Прочитал интересную книгу Александра Шубина «Мировая революционная волна (1918-1923). Прилив». В ней даётся целостный взгляд на революционные события во многих странах мира и говорится об их взаимном влиянии. Больше всего мне понравилось заключение, в котором автор пытается сформулировать основные выводы.

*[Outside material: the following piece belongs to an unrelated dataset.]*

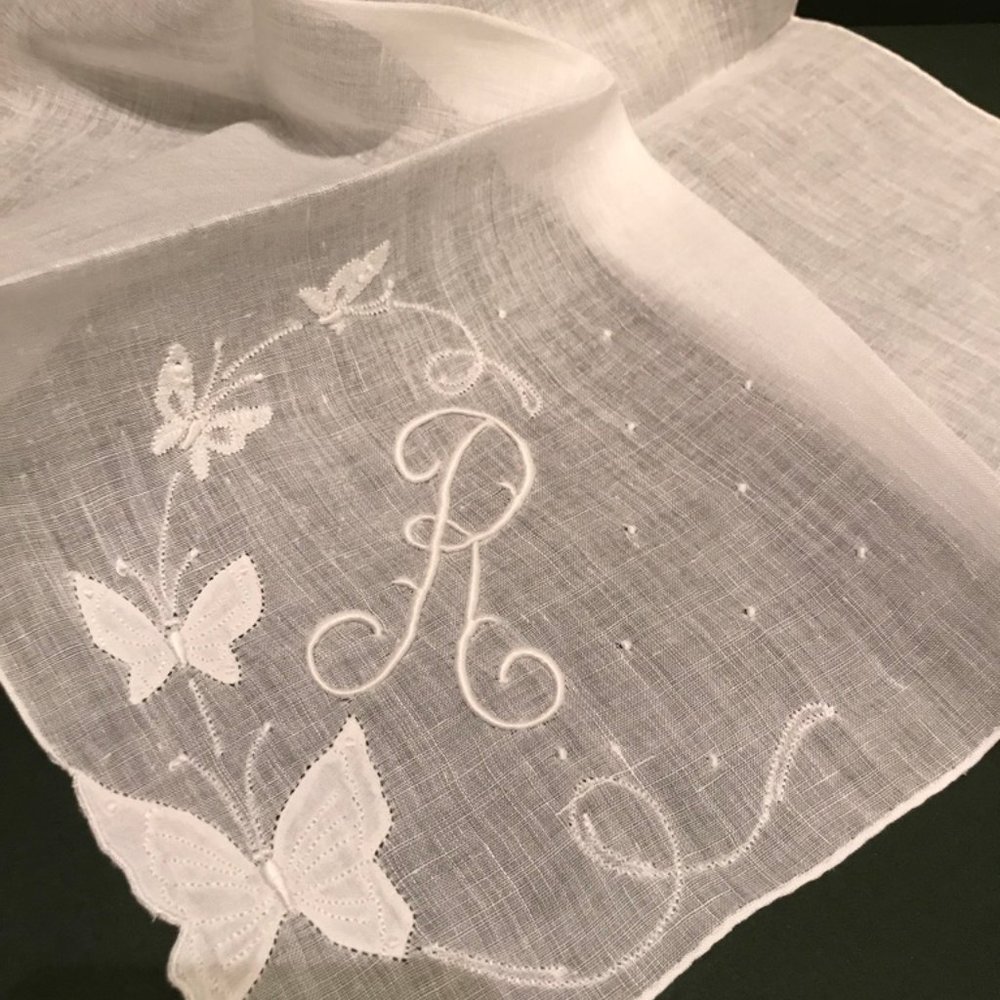 Beautiful 'R' Monogram Handkerchief, Embroidered - Picture 3 of 5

Попробую изложить наиболее понравившиеся мне моменты. В ходе революционной волны господствующая элита, подобранная по принципу происхождения, сменилась теми, кто умеет манипулировать информацией – финансовыми потоками и словами. Власть генов сменилась властью слов и цифр. Теперь простой человек имел право участвовать в принятии важнейших для страны решений. Но поскольку обычных людей много – они сильны, когда сливаются в массы. А массы должны быть организованы и вдохновлены понятными несложными смыслами. Человек, живущий в своём маленьком мирке и не утруждающий себя напряженной мыслительной деятельностью, всё равно остаётся человеком, а не скотом. Человеческое начало в нём, даже если оно придавлено началом животным, бунтует и тоскует, требует креатива и понимания смысла существования. Конечно, настоящим выходом из положения может быть обращение к собственному творчеству, к работе над преобразованием своей жизни к лучшему (желательно не за счёт окружающих, а вместе с ними). Но это требует больших затрат энергии, работы над самосовершенствованием. Это трудно. Более простой путь – отчуждение своего человеческого начала в пользу больших общностей: класса, нации, империи. А точнее – тех, кто от их имени сплачивает людей.

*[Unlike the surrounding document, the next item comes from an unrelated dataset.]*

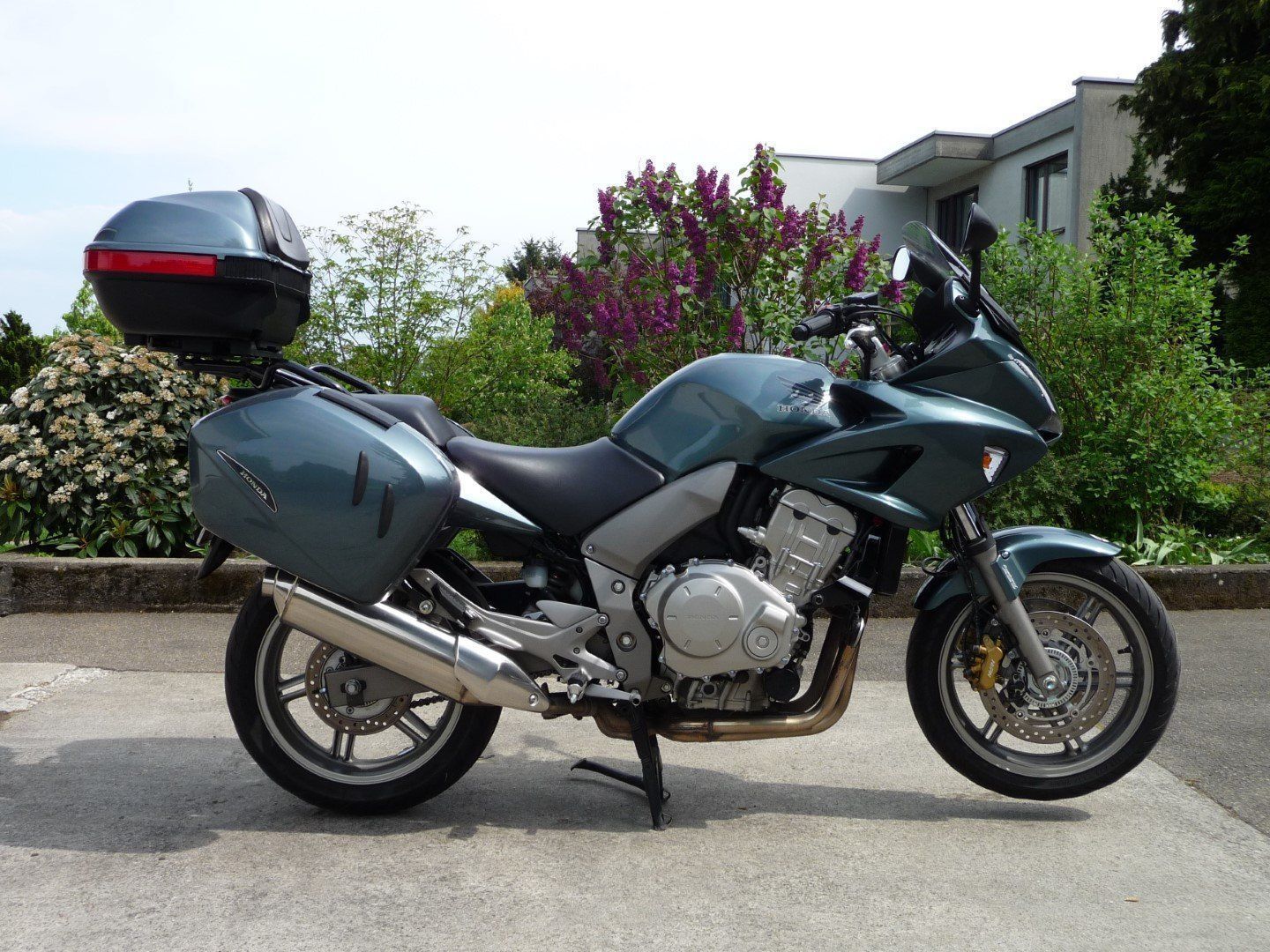 Honda Touring: Honda CBF 1000 ABS – Usato da Richterswil venduto da Blue210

Сторонники преобразований социальных отношений пытались опереться на рабочих и говорили, что действуют в интересах рабочего класса и шире – трудящихся. Рабочие отвечали на социально-экономические невзгоды массовыми стачками. Однако метод накатывающихся друг на друга стачечных волн был разрушителен для экономики и бил по интересам самих трудящихся. Из ситуации забастовок ради гонки зарплаты за инфляцией существовало три выхода: подавление рабочего движения, законодательство об индексации зарплат либо преодоление частной собственности. Преодоление частной собственности снимало прежний способ эксплуатации, но не гарантировало от возникновения нового и уж тем более – от падения уровня жизни рабочих.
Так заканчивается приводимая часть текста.